▶ **Required action**: Pictures stay out; everything else in the entries below is to be duplicated exactly.

══════

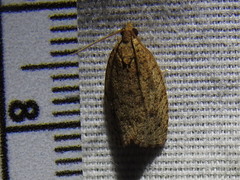 Phaecasiophora inspersa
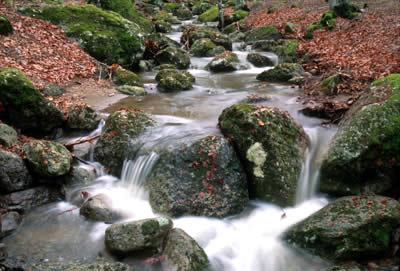 Torrente Onazio al Parco Faunistico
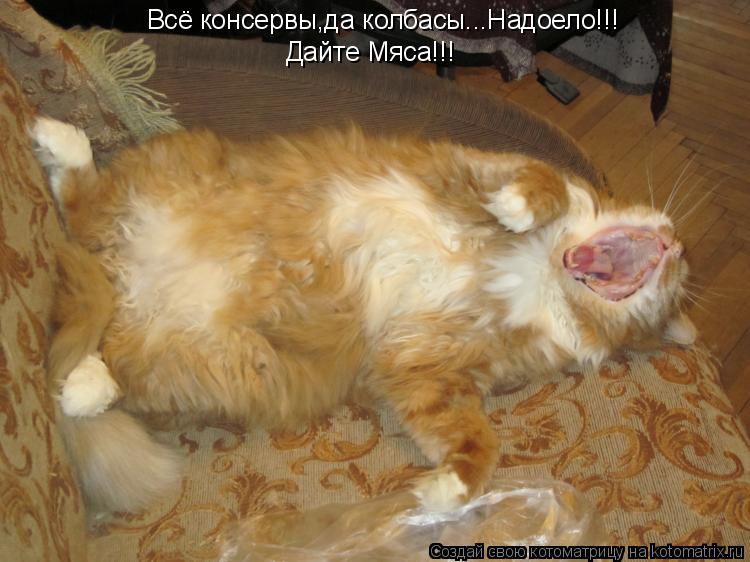 Котоматрица: Всё консервы,да колбасы...Надоело!!! Дайте Мяса!!!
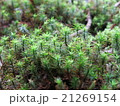 スギゴケ 21269154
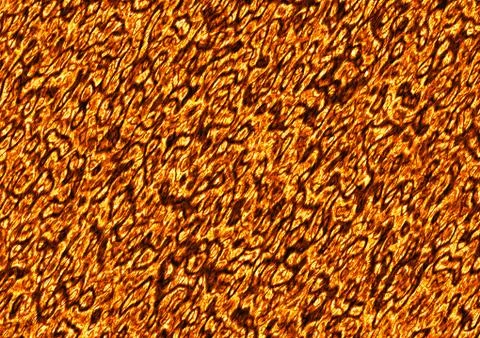 Solidified hot lava fire texture Illustrazione stock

══════

▶ **Final answer**:
 Phaecasiophora inspersa
 Torrente Onazio al Parco Faunistico
 Котоматрица: Всё консервы,да колбасы...Надоело!!! Дайте Мяса!!!
 スギゴケ 21269154
 Solidified hot lava fire texture Illustrazione stock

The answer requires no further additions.